O gafanhoto é um pequeno inseto fitófago, que pode consumir em um único dia matéria vegetal equivalente a seu próprio peso. Considerado isoladamente, é absolutamente inofensivo. Entretanto, algumas espécies apresentam comportamento gregário e podem se agrupar em quantidades incomuns, formando a chamada nuvem de gafanhotos, praga agrícola capaz de devastar plantações inteiras.

A analogia se aplica às demandas predatórias: um único processo malicioso pode malferir apenas o interesse da parte demandada, mas a manipulação do sistema judiciário com a interposição em massa das chamadas fake lides atinge a própria coletividade, vulnerando o legítimo direito de acesso à Justiça e a qualidade da prestação jurisdicional.

Com efeito, as demandas predatórias são usualmente produzidas em escala, como em linha de montagem industrial: múltiplas ações em diferentes juízos, com petições iniciais idênticas ou semelhantes, com o mesmo relato fático, geralmente divorciado da versão apresentada pelo autor.

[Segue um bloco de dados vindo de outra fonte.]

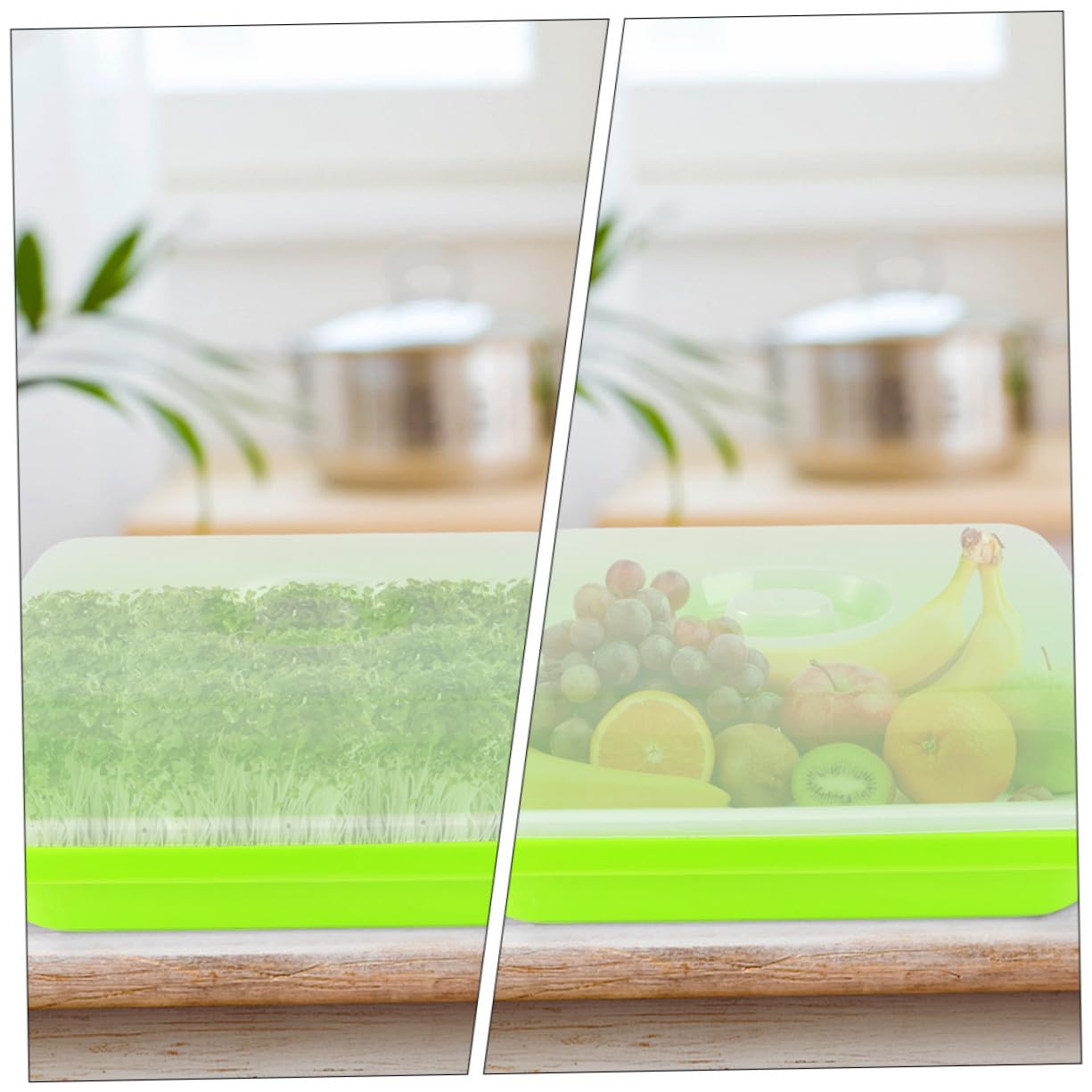 Bandeja para Germinadores Verde Tapa, 2 Juegos de Plástico | Cultivo sin Tierra, Conservación de Humedad, Diseño Seguro para Semilleros y Brotes Estilo Aleatorio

São instruídas com procurações genéricas ou documentos fraudados, sem que o efetivo demandante tenha sequer conhecimento da lide ou de seu objeto. Para mascarar o desconhecimento do autor, as iniciais geralmente pedem dispensa de conciliação e instrução, a fim de que o suposto interessado jamais seja chamado em Juízo. O pedido de gratuidade de Justiça também é corriqueiro, evitando-se os custos da aventura.

Gastos com litigância predatória

Conforme levantamento do Numopede (Núcleo de Monitoramento de Perfis de Demandas do Tribunal de Justiça de São Paulo), a prática da litigância predatória gerou, de 2016 a 2021, em média 337 mil novos processos por ano, somente no Estado de São Paulo, gerando prejuízo anual de aproximadamente R$ 2,7 bilhões, com custos superiores a R$ 16 bilhões no período estudado. A conclusão do relatório referente ao biênio 2022/2023 aponta que a litigância predatória, além de prejudicar a parte contrária, gera transtornos a toda a sociedade, pois consome recursos do Judiciário, colaborando para o aumento dos índices de morosidade e de congestionamento, já que a movimentação processual provocada por essas demandas é significativa.

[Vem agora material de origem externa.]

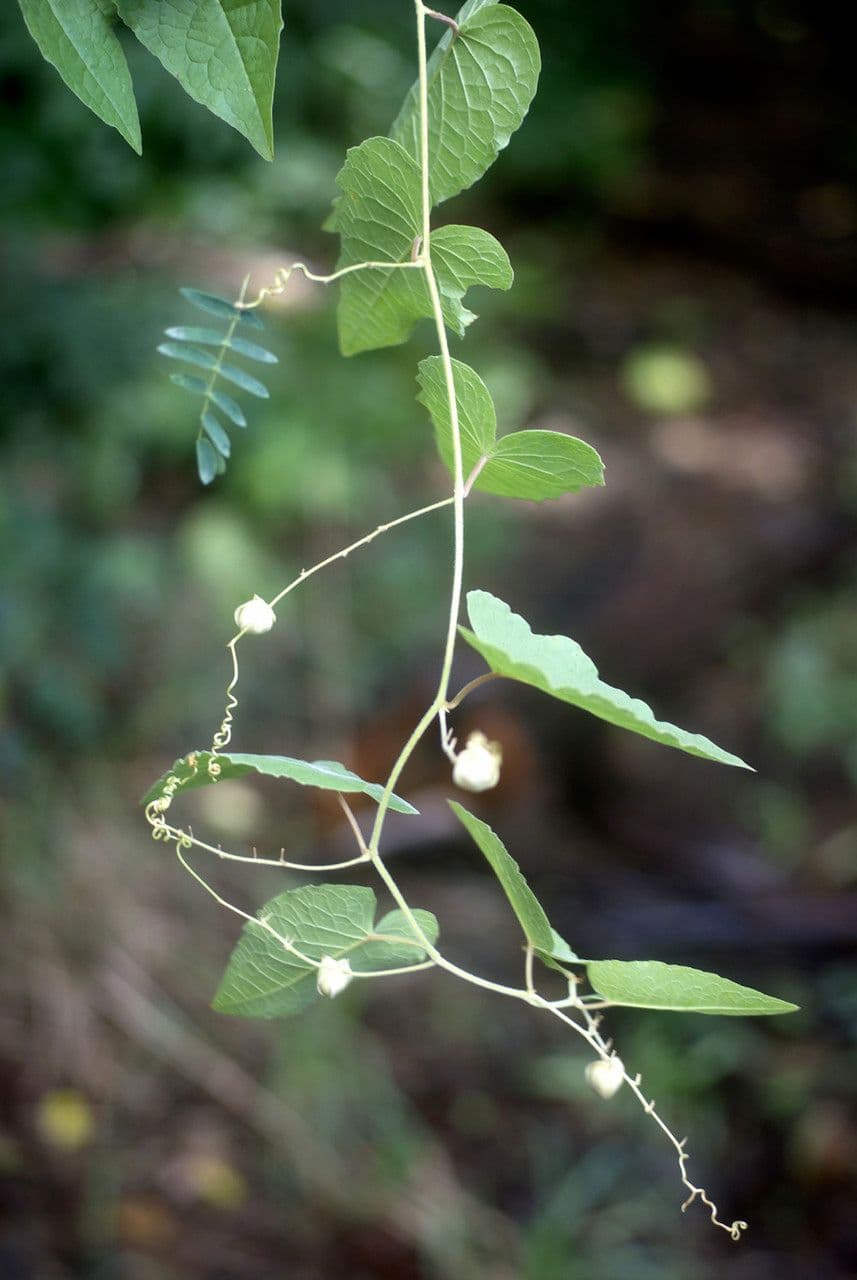 Cardiospermum corindum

São, portanto, como pragas de gafanhotos, consumindo com voracidade o orçamento da Justiça e comprometendo a qualidade da prestação jurisdicional, em prejuízo dos próprios jurisdicionados. Entretanto, os gafanhotos são conhecidos por aquilo que são: insetos vorazes, com grande apetite.

No caso das demandas predatórias, os profissionais que levam essas demandas ao Judiciários se apresentam como lobos em pele de cordeiro, valendo-se normalmente de pessoas vulneráveis, que na maioria das vezes sequer têm conhecimento da propositura da ação. Estudo realizado pelo Numopede do Tribunal de Justiça de Mato Grosso identificou, por exemplo, que as partes que aparecem como autores de demandas predatórias ou fraudulentas naquele estado são, em sua maioria, idosos, aposentados, pensionistas, analfabetos e indígenas, com diversos graus de vulnerabilidade social, exploradas por advogados inescrupulosos.

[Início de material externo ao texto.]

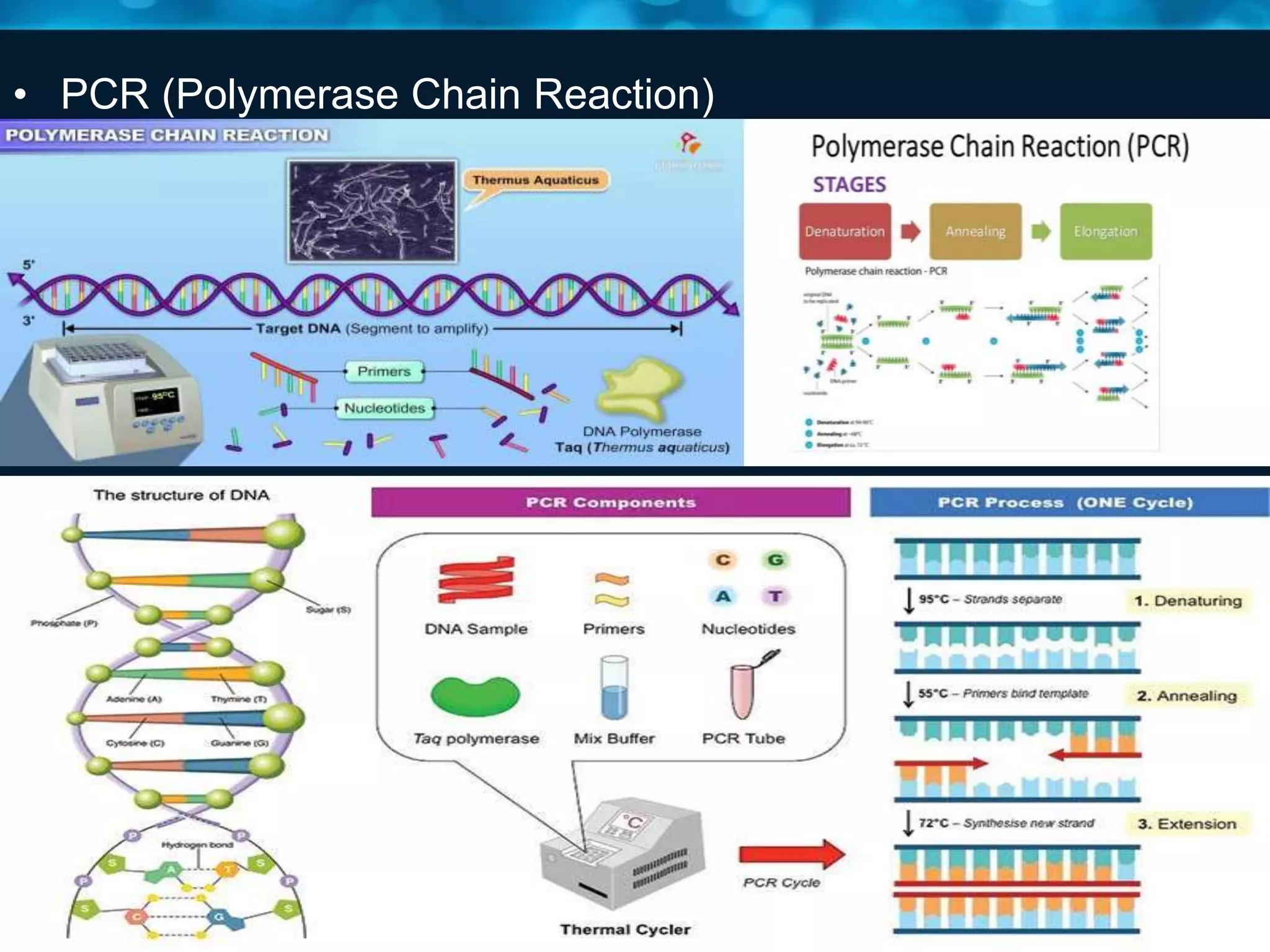 • PCR (Polymerase Chain Reaction)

Manipulação do sistema de Justiça

Essas demandas predatórias são propostas com o intento de manipular o sistema de Justiça por meio do abuso de garantias constitucionais cidadãs, como os direitos de petição e à prestação jurisdicional. Afinal, conforme destacado em acórdão do Superior Tribunal de Justiça, “o chicaneiro nunca se apresenta como tal, mas, ao revés, age alegadamente sob o manto dos princípios mais caros, como o acesso à Justiça, o devido processo legal e a ampla defesa, para cometer e ocultar as suas vilezas” (RE 1.817.845/MS, 3ª Turma, ministra Nancy Andrighi, j. 10/10/2019).

Portanto, pior que nuvem de gafanhotos ou lobo solitário em pele de cordeiro, por traz da litigância predatória há matilhas de advogados vorazes e sem mínimos escrúpulos, que tratam a lide como ardil e o processo como simulacro, movidos pelo malicioso propósito de auferir vantagens indevidas sob o manto sagrado do Poder Judiciário e em desprestígio de toda a classe de honrados profissionais da advocacia.

Para combater essa praga, é necessário esforço coletivo e coordenado da sociedade, em especial dos principais atores interessados: Poder Judiciário, Ordem dos Advogados do Brasil e Congresso Nacional. Até aqui, a despeito dos louváveis esforços do Conselho Nacional de Justiça e das Corregedorias dos Tribunais de diversos estados, as iniciativas têm sido tímidas. É necessário muito mais.